There is demonstrated and widespread bipartisan support for Russian PNTR among our colleagues in the House, as well as in the Senate. And we cannot and should not wait to pass this legislation which will greatly benefit American business and their employees as they seek entré into the expanding Russian market.
We all share serious concerns with the ongoing human and political rights situation in the Russian Federation, but the maintenance Jackson-Vanik does nothing to address those concerns.
What it does do is deny the United States and our business the ability to fully take advantage of the benefits of Russian accession to the WTO both in terms of market access and trade enforcement.
PNTR will provide the United States with important benefits at no cost to us.

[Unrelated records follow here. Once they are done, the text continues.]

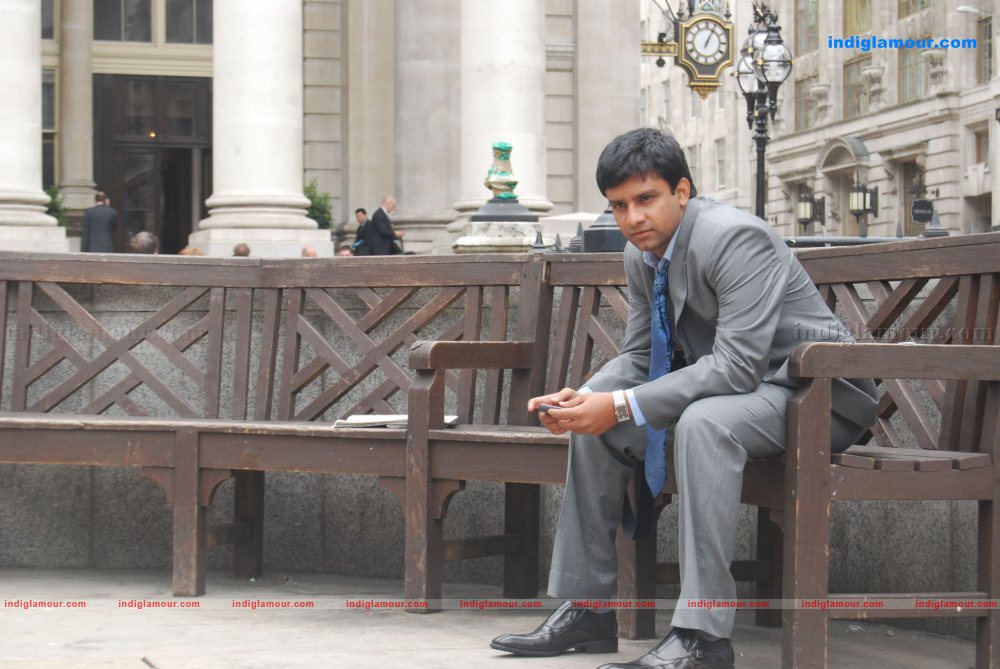 Kaaralu Miriyalu Movie hd photo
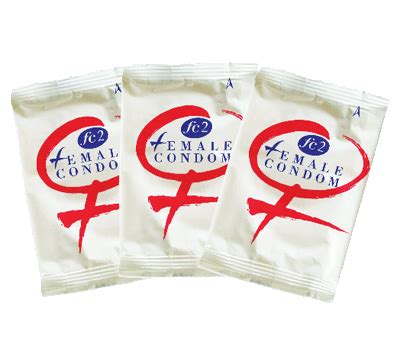 Where To Buy Female Condoms Canada Clemencia Peace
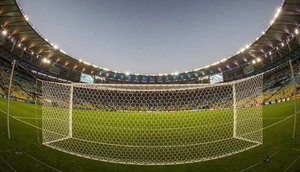 Foto: Fernando Dantas/ Gazeta Press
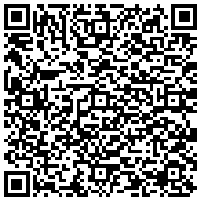 QR Code for bitcoin:bitcoin:bitcoin:bitcoin:bitcoin:bitcoin:bitcoin:bitcoin:bitcoin:bitcoin:bitcoin:bitcoin:bitcoin:bitcoin:dogecoin:D7EFac8u6Phq3JCM9B5KEQ7682PyQbug2W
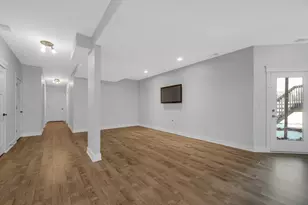 10427 N 600 W, Demotte, IN 46310 - Photo 21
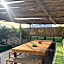 Surf HouseMaroc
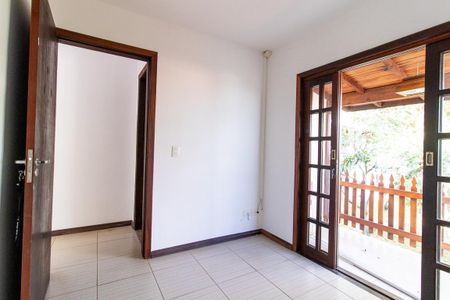 Casa para alugar com 330m², 3 quartos e 2 vagas Casa para alugar com 330m², 3 quartos e 2 vagasQuarto 3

With PNTR, American companies will be able to take full advantage of lower Russian tariffs, stronger IP protections, and other market-opening concessions that the Russians agreed to as part of joining the World Trade Organization.
Last month's WTO accession promises to open that country large and growing consumer market to exporters around the world.

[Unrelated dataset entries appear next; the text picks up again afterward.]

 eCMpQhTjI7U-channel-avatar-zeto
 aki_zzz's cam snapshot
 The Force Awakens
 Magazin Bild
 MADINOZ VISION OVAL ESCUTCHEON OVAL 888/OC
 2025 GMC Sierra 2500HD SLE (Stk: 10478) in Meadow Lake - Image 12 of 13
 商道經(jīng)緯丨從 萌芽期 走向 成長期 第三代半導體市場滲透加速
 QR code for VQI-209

Unfortunately, because we have yet to establish PNTR with Russia, all the members of the WTO except the United States are now fully benefiting from increased access to the growing Russian market, which is the world's 9th largest economy.
Unlike the United States, other countries also have the ability to use the WTO's dispute settlement process to help ensure Russia honors its new WTO commitments. This is particularly important in a market such as Russia's which is relatively new to market capitalism and continues to present serious problems for foreign businesses.

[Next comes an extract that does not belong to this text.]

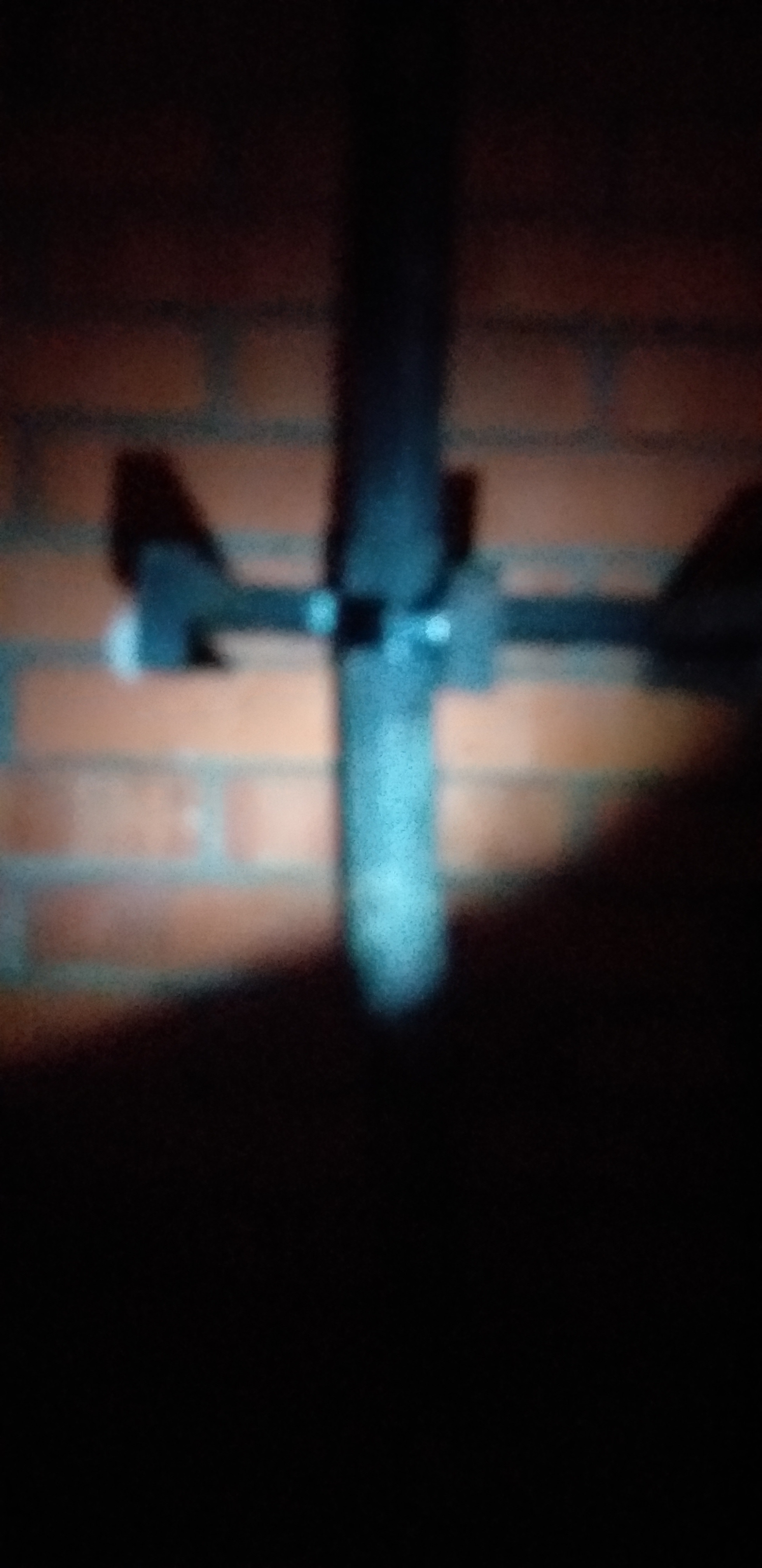 20230815_163417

Anders Aslund and Gary Hufbauer from the Peterson Institute for International Economics predict that U.S. exports to Russia should double within 5 years after accession to the WTO. Evidence from countries that joined the WTO between 2000 and 2010 suggest this statistic to be true, and maybe even a conservative estimation. If Exports to Russia grow at the same rate as they did for exports to Ukraine and the Baltics, exports could triple, approaching $30 billion. This would place Russia among America's large second tier-markets, such as Australia, India and France.
Every day we have not passed PNTR is a day where we put this opportunity in jeopardy by according a competitive advantage to non-American companies doing business in Russia.
We have the opportunity now to pass bipartisan legislation that advances American economic interests, which should not dither and continue to allow the partisan politics of election season to prevent us from grasping that opportunity.